I know that this is kind of silly but I had to give kudos to my almost 6 month old Athena. This past weekend a friend of mine from work came over with her family which includes a three year old little girl. Unfortunately my pups have not been socialized with little ones yet due to the lack of them in my family and social circle (my youngest is 13) so I was a little nervous about how the girls would react to such a little human. I was not worried about aggression at all more just being too rough. Athena was a pro with little Lilly anytime Lilly got close to her Athena would down even though her tail was going 90 miles an hour and she was pretty much bathing Lilly in kisses. At one point my son was up in the yard playing frisbee with Athena and Lilly did the magic disappearing act that 3 year olds are known for and ended up right up there with them. My son threw the frisbee and did not realize Lilly was there and it landed pretty much at her feet. Athena of course took off like a shot after the frisbee and apparently noticed the proximity to Lilly about 6 or 7 feet in front of her. She immediately downed and skidded to a stop in front of Lilly then belly crawled the remaining distance to retreive the frisbee. I do not know where she got the idea that she must lie down around little ones but it made me such a proud mama to see her so well behaved.... by the time Lilly was wearing down and snacking on cereal Athena was her best friend lying right next to her and sharing the snack... I could not be more pleased...


----------



## wyoung2153 (Feb 28, 2010)

Aw that's so great! Yay Athena!!! I would be proud too!!! Titan HAS been socialized and he's still to crazy around little ones.
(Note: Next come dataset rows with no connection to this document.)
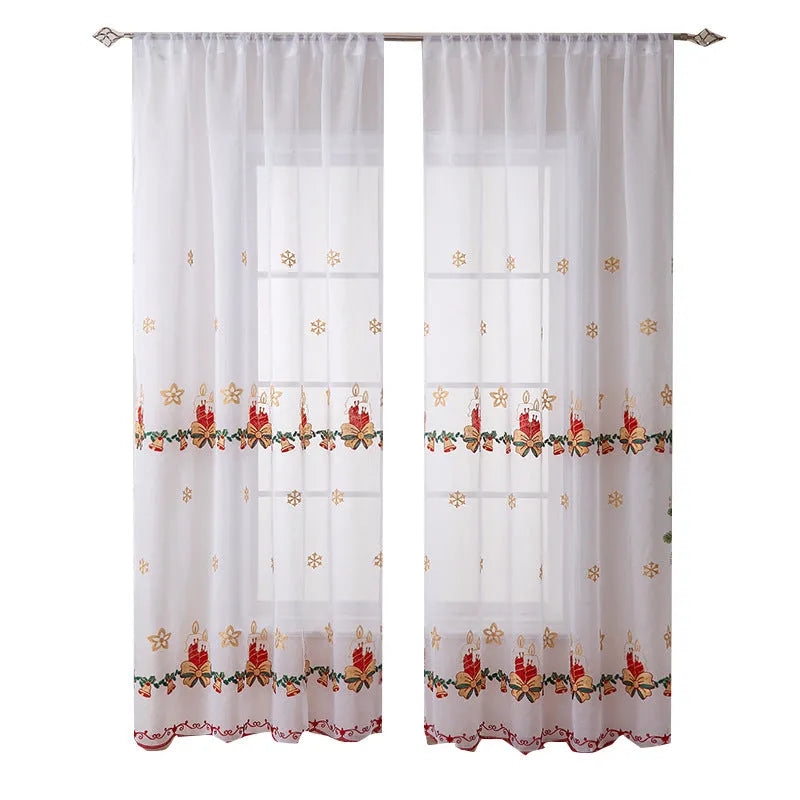 American Christmas curtains with embroidered snowflake pattern in polyester semi-sunshade fabric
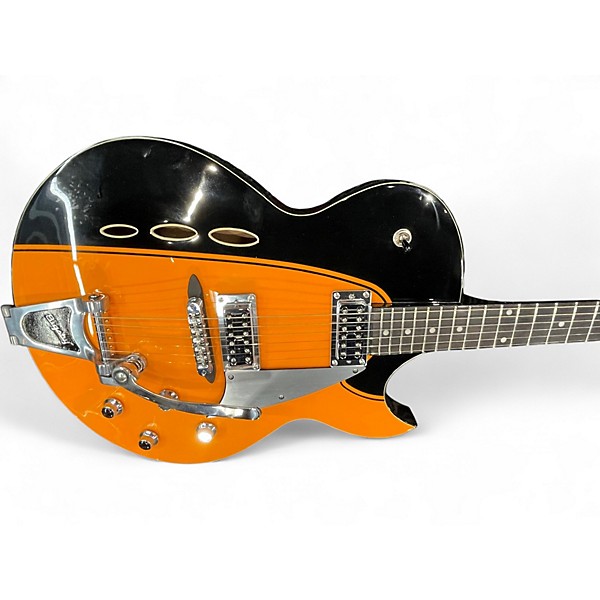Used 2019 Eastwood ROCKER BOX II BLACK AND ORANGE Hollow Body Electric Guitar
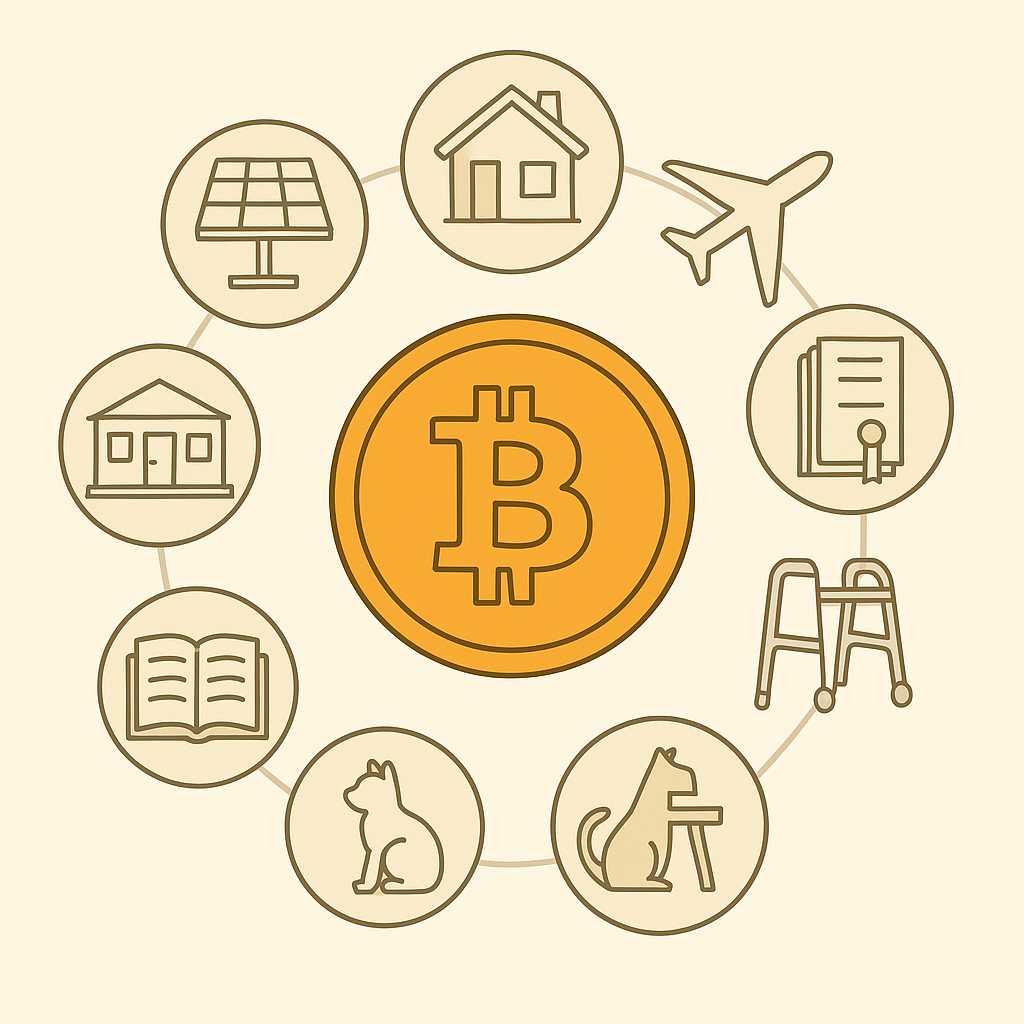 Infographic showing how 21 Bitcoins are allocated to different parts of a humanitarian project, including housing, therapy, animal care, and sustainability.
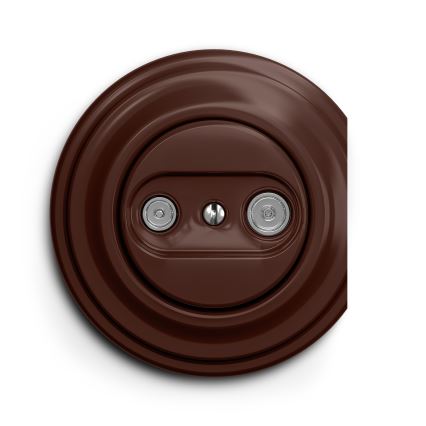 Reblig - Retro účastnícka zásuvka TV+R (koncová) bez rámčeka hnedá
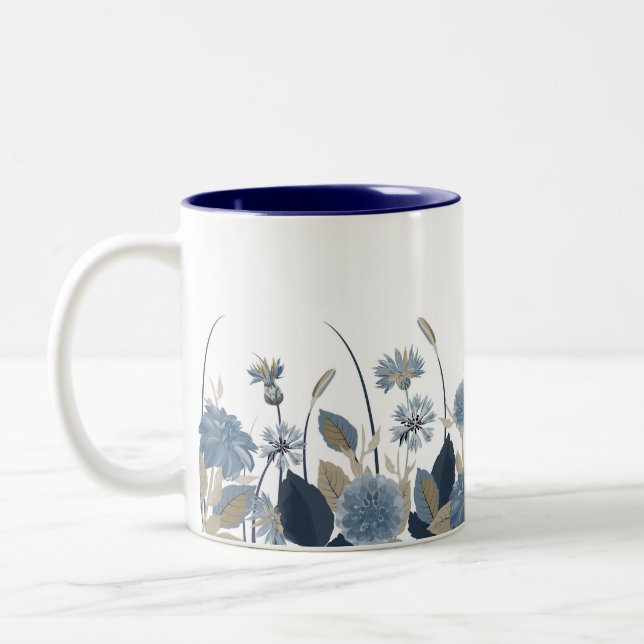 Blue Dahlias Cornflower Two-Tone Coffee Mug (Left)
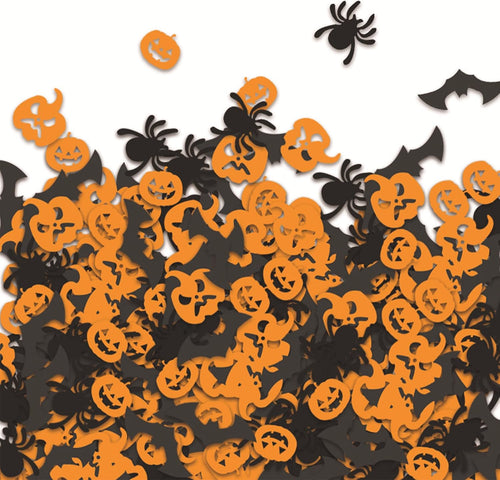 100Pcs Halloween Confetti Decorations,Halloween Party Table Scatter Confetti Sprinkles Orange Pumpkin Black Spider Bat Confetti for Halloween Party Supplies Trick or Treat Tabel Decor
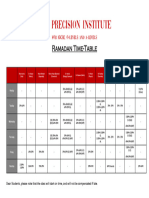 Ramadan O Level Weekly Timetable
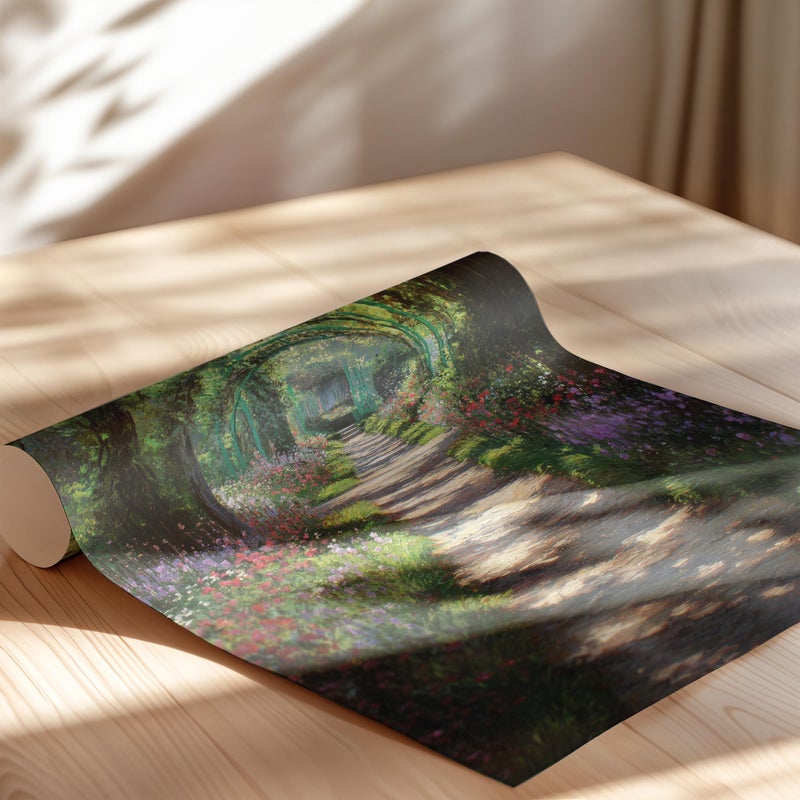 TNESSENTIAL Floral Garden Tunnel Painting Wall Art Poster or Canvas Print, Monet Inspired Pathway Landscape, Impressionist Nature Art Cottagecore Decor - Image 2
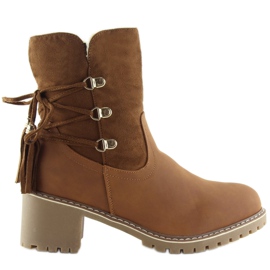 Boots isothermes en agneau marron NC726 Camel brun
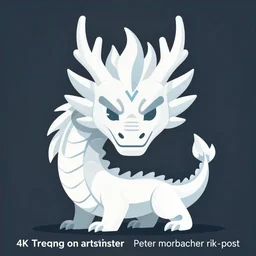 ice dragon in portrait view, greatly detailed, vector art, digital illustration, 4 k, trending on artstation, art by peter morhbacher and rk post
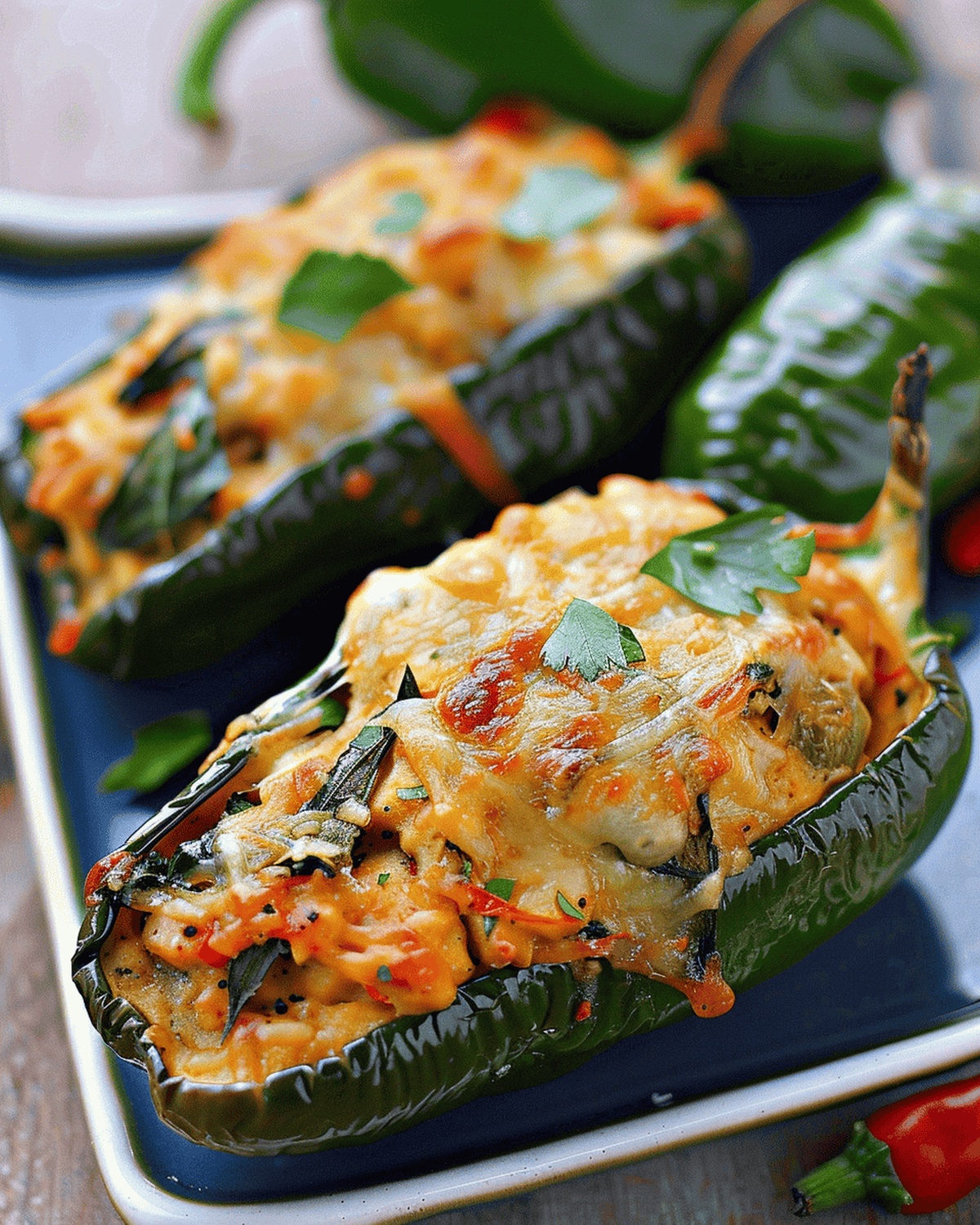 Creamy Stuffed Poblano Peppers Recipe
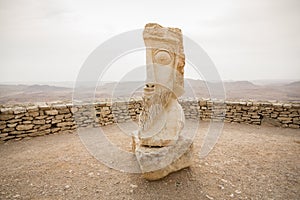 Sculpture on Albert Promenade on the edge of  Ramon Crater in Negev Desert in Mitzpe Ramon, Israel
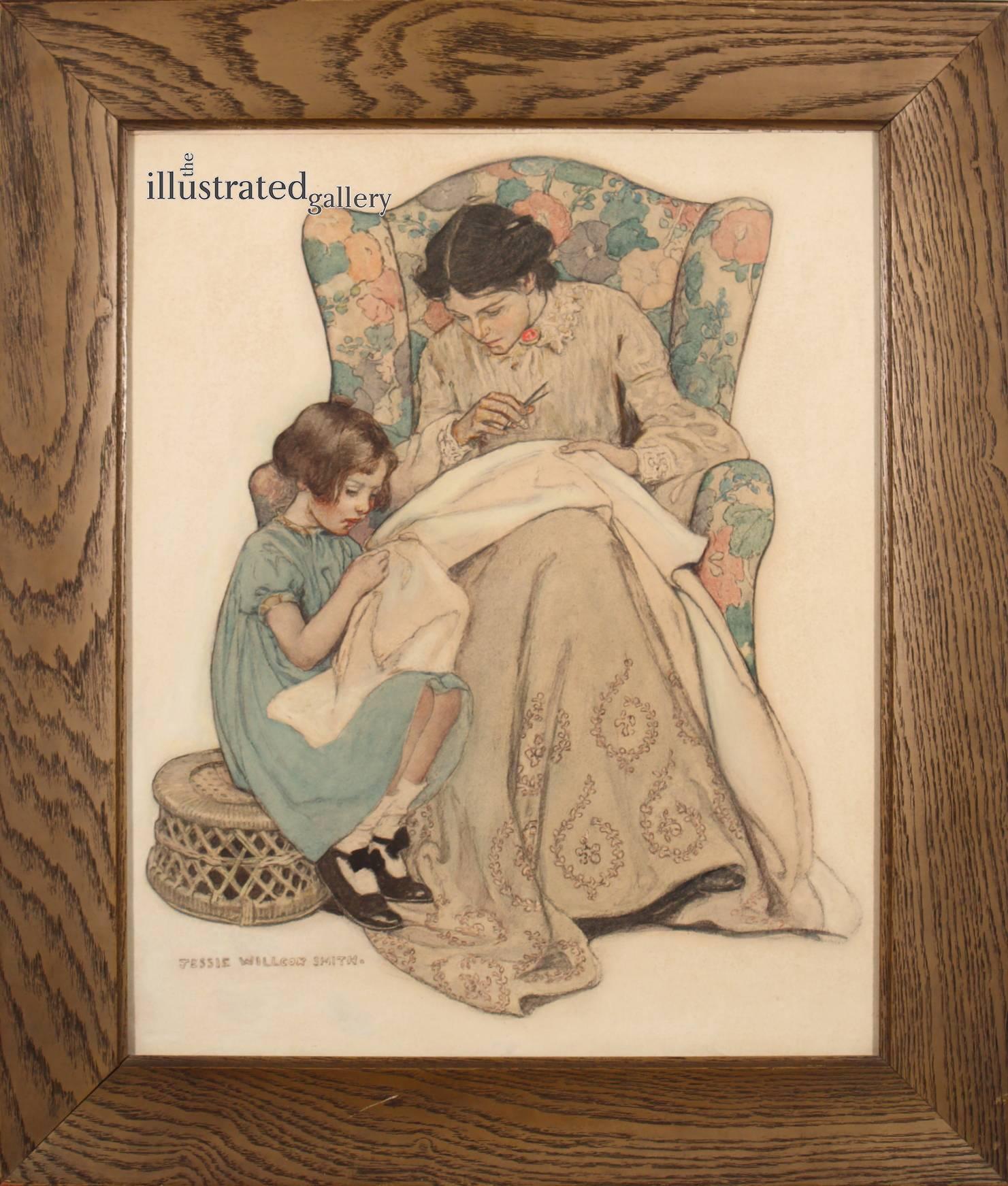 The Sewing Lesson, Collier's Magazine Cover - Painting by Jessie Willcox Smith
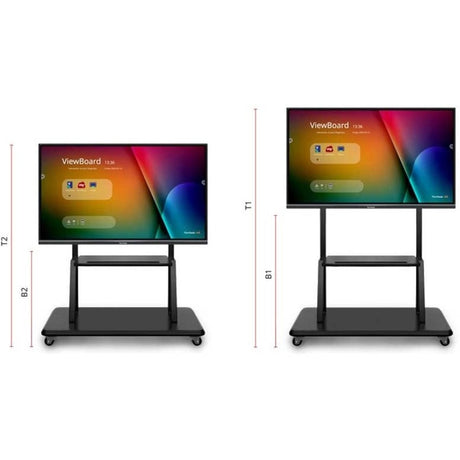 ViewSonic VB-STND-001 Mobile TV Cart for 55 to 86 inch screens up to 265 lbs, VESA Pattern Compatible for 400x200 to 900x600mm, Storage Tray, and Lockable Wheels — VB-STND-001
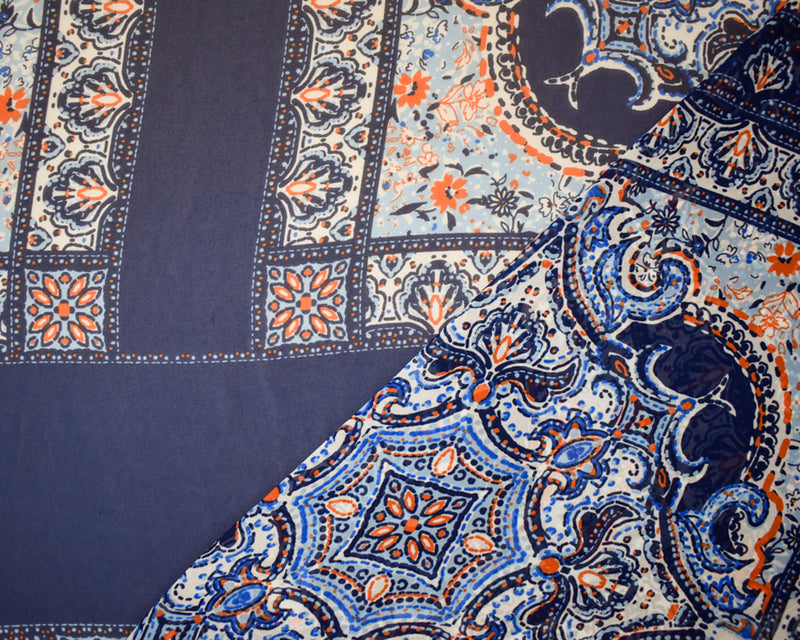 3 1/4 YD PC-Blue-White-Orange Poly Moroccan Bandana PANEL Printed Chiffon Woven Fabric
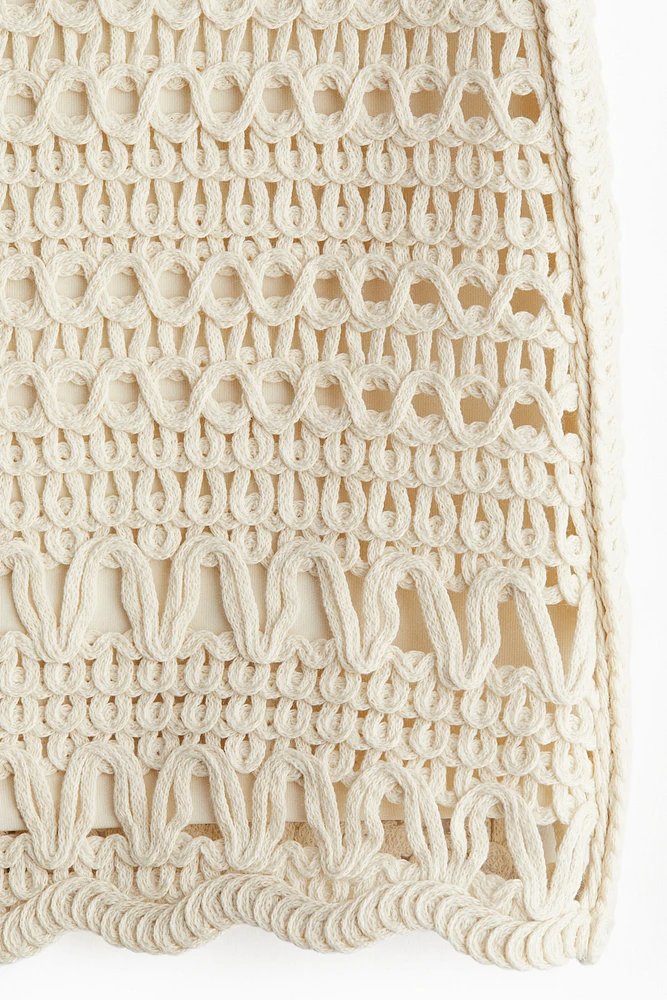 Crochet-Look Mini Shorts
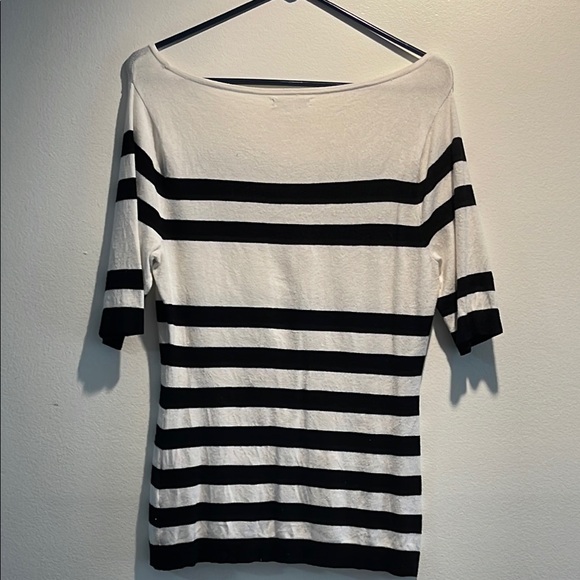 New York & Company | Women’s  Black and White Striped Half Sleeve Sweater Small - Picture 3 of 3
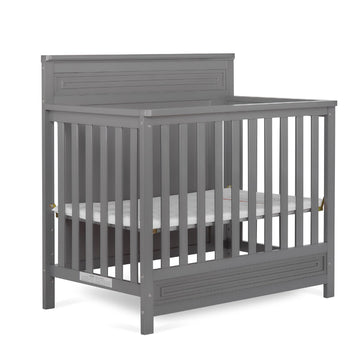 Dream On Me Harbor Full Panel 4-In-1 Convertible Mini Crib In Steel Grey, Water-Based Paint Finish, Jpma Certified, 3-Position M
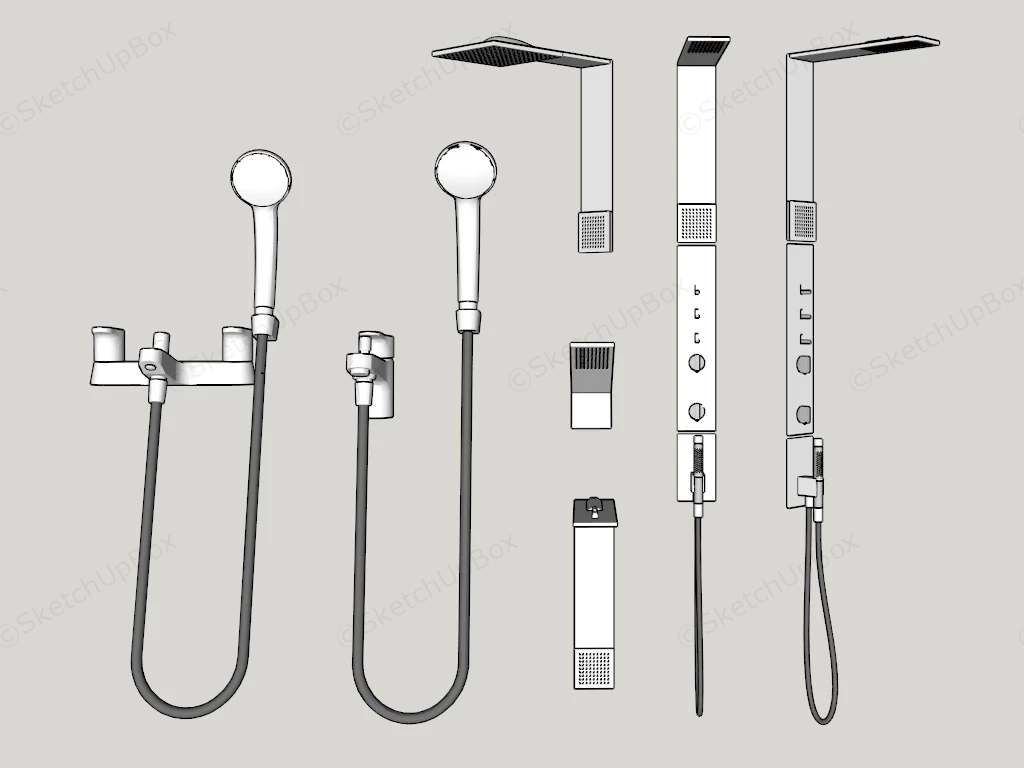 Bathroom Shower Parts sketchup model preview - SketchupBox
That's awesome  I played the whole frisbee scene in my head.. it was cute :wub:


----------



## My2shepherds (Jun 10, 2014)

wyoung2153 said:


> Aw that's so great! Yay Athena!!! I would be proud too!!! Titan HAS been socialized and he's still to crazy around little ones.
> 
> That's awesome  I played the whole frisbee scene in my head.. it was cute :wub:


It was awesome... scary at first since Athena is more than twice Lilly's weight... but I went from screaming for Athena to cheering her on!!! Now we just have to get rid of the grass stains on her belly.... lol I did not have the heart to make her take a bath after being so good.. lol


----------



## wyoung2153 (Feb 28, 2010)

Oh I imagine! I always get nervous when people bring small children to the dog park.. I just see an accident waiting to happen! So happy she behaved well, you gotta wonder how she learned the "down" behavior around her..


----------



## Lilie (Feb 3, 2010)

Good job to the both of you! You are raising a confident pup!!!


----------



## My2shepherds (Jun 10, 2014)

I don't know since she had never experienced little humans before. 

I will use it in high distraction situations (when the stray cat or a rabbit come too close). Maybe she interprets Lilly as the same??


----------



## My2shepherds (Jun 10, 2014)

Lilie said:


> Good job to the both of you! You are raising a confident pup!!!


Thanks...  But she is the amazing one... she teaches me more than I teach her most times!


----------



## wyoung2153 (Feb 28, 2010)

My2shepherds said:


> I don't know since she had never experienced little humans before.
> 
> I will use it in high distraction situations (when the stray cat or a rabbit come too close). Maybe she interprets Lilly as the same??


That's actually a really good thought.. maybe that's what she was doing.. means you trained her well


----------



## Shade (Feb 20, 2012)

Good job Athena!


----------



## Daisy&Lucky's Mom (Apr 24, 2011)

That is fantastic! Great job Athena.


----------